If you're offended by something, that's fine. If this band's name disgusts you, that's perfectly acceptable. But the moment you start threatening them with violence, you're a fucking asshole. I don't care if you think you're the “good guy” here. Fuck you. These hypersensitive jerk-offs are acting like children. Most of them are legal adults, and all of them are at least old enough to know better than to threaten people they don't like with violence.
The best part is that this seems to be backfiring on them. Black Pussy will be hurt in the short term, but their name is getting out there to the kind of people who will listen to them. This relatively unknown band is now internet infamous. But with that “infamy,” they're getting their name out there, and people are checking them out. And rightly so. I'm listening to their album On Blonde right now, particularly a track called “Swim,” and it's great. It reminds me a bit of Exit The Dragon era Urge Overkill, and if you're reminding me of anything Urge Overkill, you're doing something right.
So, check them out, and if you like what you hear, consider buying something from them. Supporting worthwhile music is a worthwhile cause. And if it pisses off some authoritarian whiners, then that's just the icing on the cake. I'm providing a link below.
They're also letting people name their price to get their debut album.

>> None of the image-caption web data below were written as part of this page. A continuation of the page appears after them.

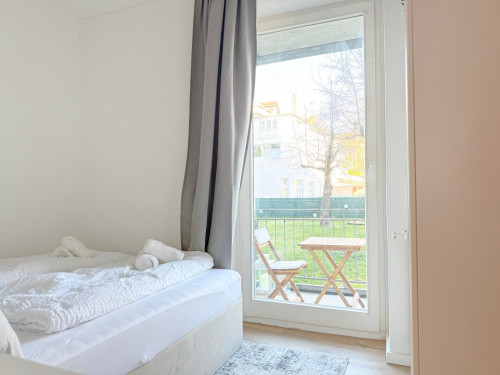Central apartment with private balcony overlooking the garden | 600m to the main train station | Free Netflix" - Gallery - 8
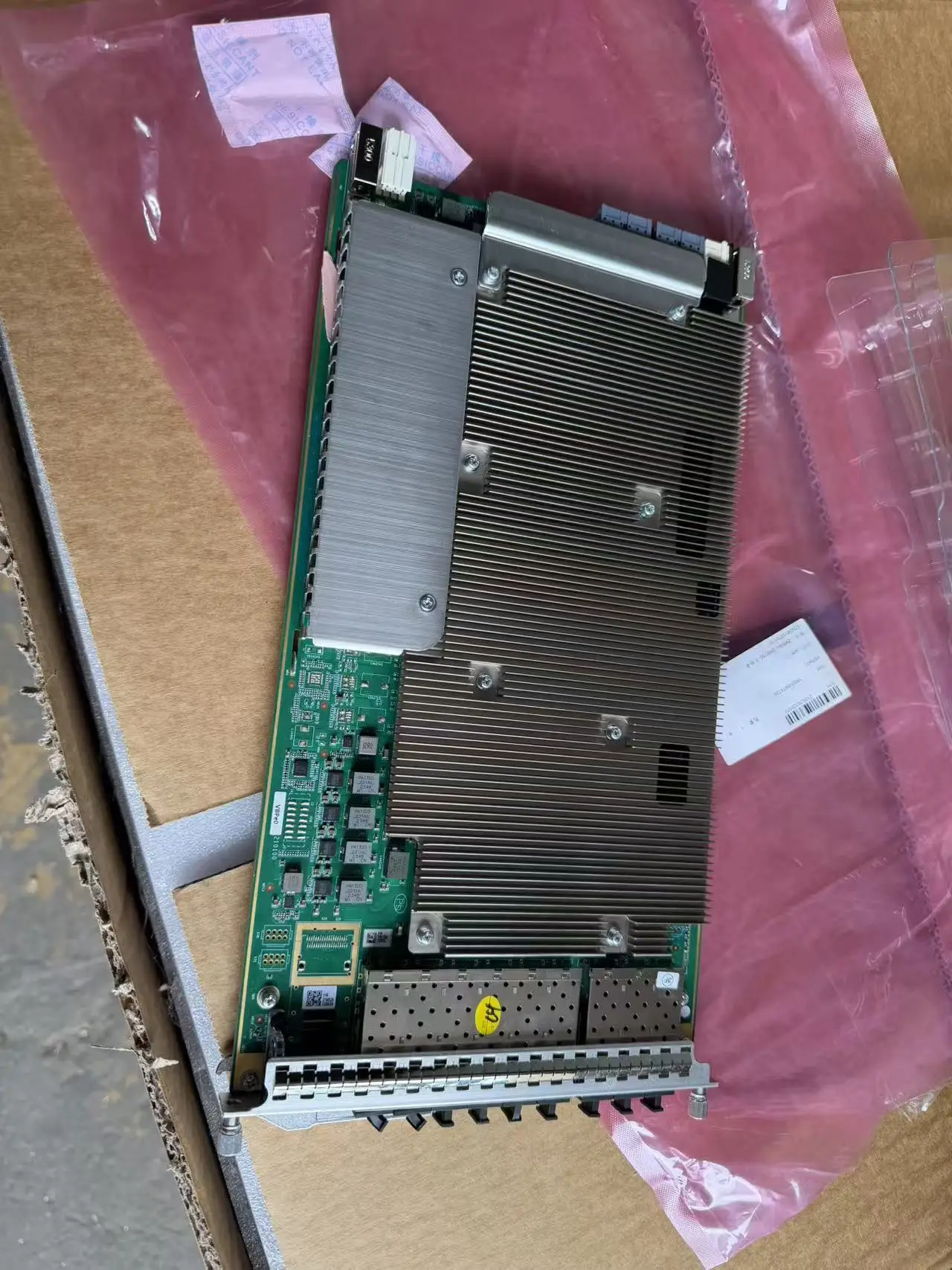 New VBPe01/VBPe02/ VBPe4/UBBPe6/VBPe24/ VBPd01 /VBPd04/ VBPd24 /VSWd1 BBU5900 BBU3900 100G/200G 2-Port QSFP28 Communication-boxintelecom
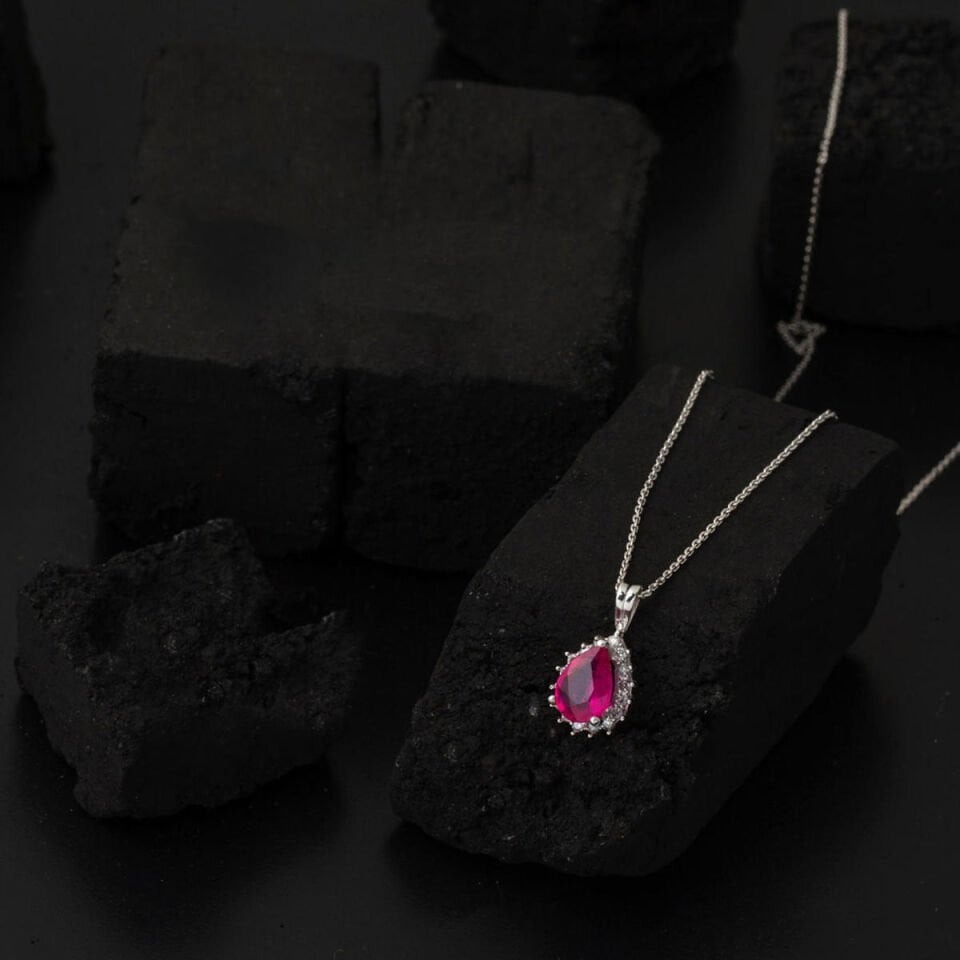 0,85 Karat Yakut Pırlantalı Kolye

Thursday, November 14, 2013

Tom Petty Videos Were Creepy

I just found out that Tom Petty had a music video for the song Make It Better from the album Southern Accents, which surprised me, since I thought the only hit from that album was Don't Come Around Here No More. The other thing that surprised me was that the music video for Make It Better is that it's almost as shit your pants scary with a side of tripping balls as Don't Come Around Here No More's video. Thankfully in this one, The Heartbreakers don't turn a woman into a cake and eat her. They just climb into a woman's brain and play a song. Then the woman attacks the tiny ear booger Tom Petty with a Q-Tip.


I've been trying to understand why people consider Southern Accents to be one of his weakest albums. I really like it. It's one of my favorites to be honest. But I think I found a reason: those god damn music videos probably gave a bunch of people nightmares.

I'm sort of glad that Rebels didn't have a video now. That's one of my favorite Petty songs ever, but the live performance works just fine. The other option probably would've been a bunch of giant Land of Confusion puppets wearing trucker hats and overalls driving in a truck with Tom Petty in the back in a silly hat with stupid sunglasses.

Maybe there can be a sequel video for Mary's New Car where they have a female puppet like that driving around inside an acid trip hellscape. Or for Spike, they can have a half dog, half man in a spiked collar chasing Tom Petty around an apartment building like it's Scooby Doo or something. For The Best of Everything, they can have Mike Campbell dressed up as Satan showing up and taking a shit inside of a human brain, and at the end, they can play American Girl backwards while Satan slow dances with Tom Petty in the Mad Hatter outfit..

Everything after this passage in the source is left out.